The randomized phase 3 AVEX study explored the efficacy and tolerability of capecitabine plus bevacizumab versus capecitabine alone in 280 frail patients aged ≥ 70 years.⁸⁶ PFS in the capecitabine/bevacizumab arm was 9.1 months versus 5.1 months in the capecitabine alone arm. While the OS difference was not statistically significant, patients in the capecitabine/bevacizumab arm had an OS of 20.7 months versus 16.8 months in the capecitabine alone group. As reported in prior studies, patients in the capecitabine/bevacizumab arm had increased rates of toxic events (40%) compared with those who received capecitabine alone (22%), with reports of hypertension, hand-foot syndrome, bleeding, and thrombotic events. More recently, the phase 2 PRODIGE 20 trial studied the addition of bevacizumab to chemotherapy (5-FU, FOLFOX, or FOLFIRI) based on physician choice in untreated metastatic CRC patients aged ≥ 75 years (median age 80 years).⁸⁷ They found that the addition of bevacizumab to standard of care chemotherapy was both safe and effective. The adverse events seen with bevacizumab, such as hypertension and thrombotic events, were consistent with prior studies.

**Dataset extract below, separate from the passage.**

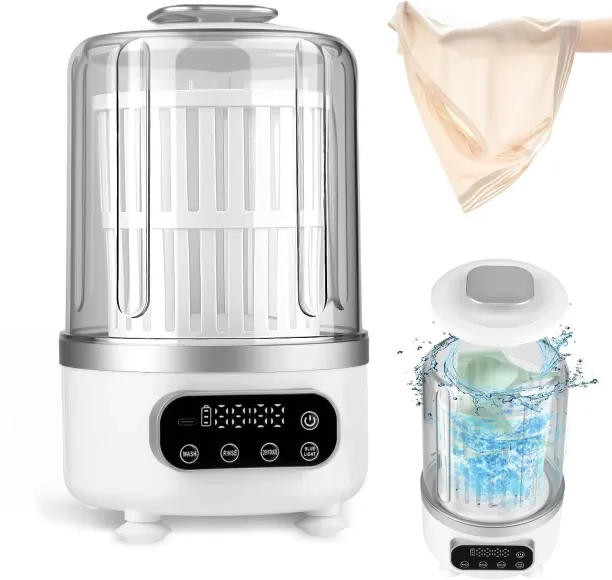 Tidecus 2.5 kg 2.5L Portable Washing Machine,3 In 1 Portable Washer-Dryer Combo, Home Mini Underwea…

A newer antiangiogenic agent, ziv-aflibercept, has been approved for the second-line treatment of metastatic CRC. The VELOUR trial demonstrated that the addition of ziv-aflibercept to FOLFIRI benefited patients across all age groups compared with FOLFIRI plus placebo in patients who had failed prior oxaliplatin-based chemotherapy.^88,89 Ramucirumab is a human IgG-1 monoclonal antibody approved in second-line treatment in combination with FOLFIRI. A subgroup analysis of the RAISE study showed that the survival benefit was similar in patients aged ≥ 65 years versus those < 65 years.⁹⁰ Based on the above data, the use of a VEGF inhibitor in combination with chemotherapy should be considered in older patients with metastatic CRC. Furthermore, based on the conflicting data regarding the benefit of FOLFOX/FOLFIRI over single-agent 5-FU discussed above, the combination of capecitabine plus bevacizumab may be considered a front-line treatment option in older patients based on the AVEX study.